I come to gather nations of every language;
they shall come and see my glory…
…They shall bring all your brothers and sisters from all the nations
as an offering to the LORD,
on horses and in chariots, in carts, upon mules and dromedaries,
to Jerusalem, my holy mountain, says the LORD. – Is 66:18, 20
When I sat with the readings this week, I immediately started to picture these few verses from Isaiah, where we hear of the gathering of every nation and every language on earth in one large parade towards Jerusalem as none other than the opening ceremony of the Olympic Games. Over the past few weeks we who have been following the Games have seen Michael Phelps swim for his 23rd Gold Medal. Usain Bolt from Jamaica boasts a perfect 9 gold medals over three Olympic Games. Kenyans, Ethiopians, Japanese, Chinese, North Korean, South Korean, Brazilian, brown, black, white and every color in between—all of the best athletes from every nation, speaking every language, gathered in one place to challenge one another, test their skill and hopefully come out victorious. I love these fraternal gatherings because imperfect as they are, they give us a small glimpse of what Isaiah’s vision of that parade of nations could look like.

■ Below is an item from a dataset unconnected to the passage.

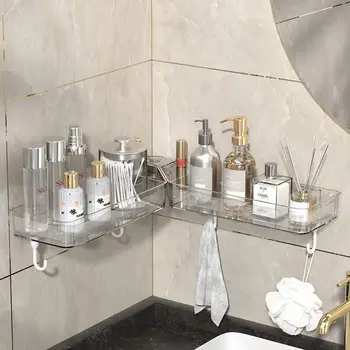 Falra szerelhető, lyukasztás nélküli sarokpolc könnyű luxus stílusú zuhany háromszög alakú fürdőszoba PET zuhany sampon tároló állvány kiegészítők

And this is the same imagery that carries over to the Gospel today, where Jesus says: “And people will come from the east and the west, and from the north and the south, and will recline at table in the kingdom of God.” (Lk 13:29)
These are beautiful images, which call us to remember that God does not want to exclude a single person from this invitation to Heaven. Through Christ, He opens the path to eternal life with Him not just for the Jewish people, but for the entire world. Yet the big question remains: If everyone receives this invitation, how are so many barred from entry at the door? It’s one thing to be invited: but how do you actually get in to the Master’s house? If it’s not enough to know the master, let alone eat and drink with him and listen to his teaching in the streets, what more must we do?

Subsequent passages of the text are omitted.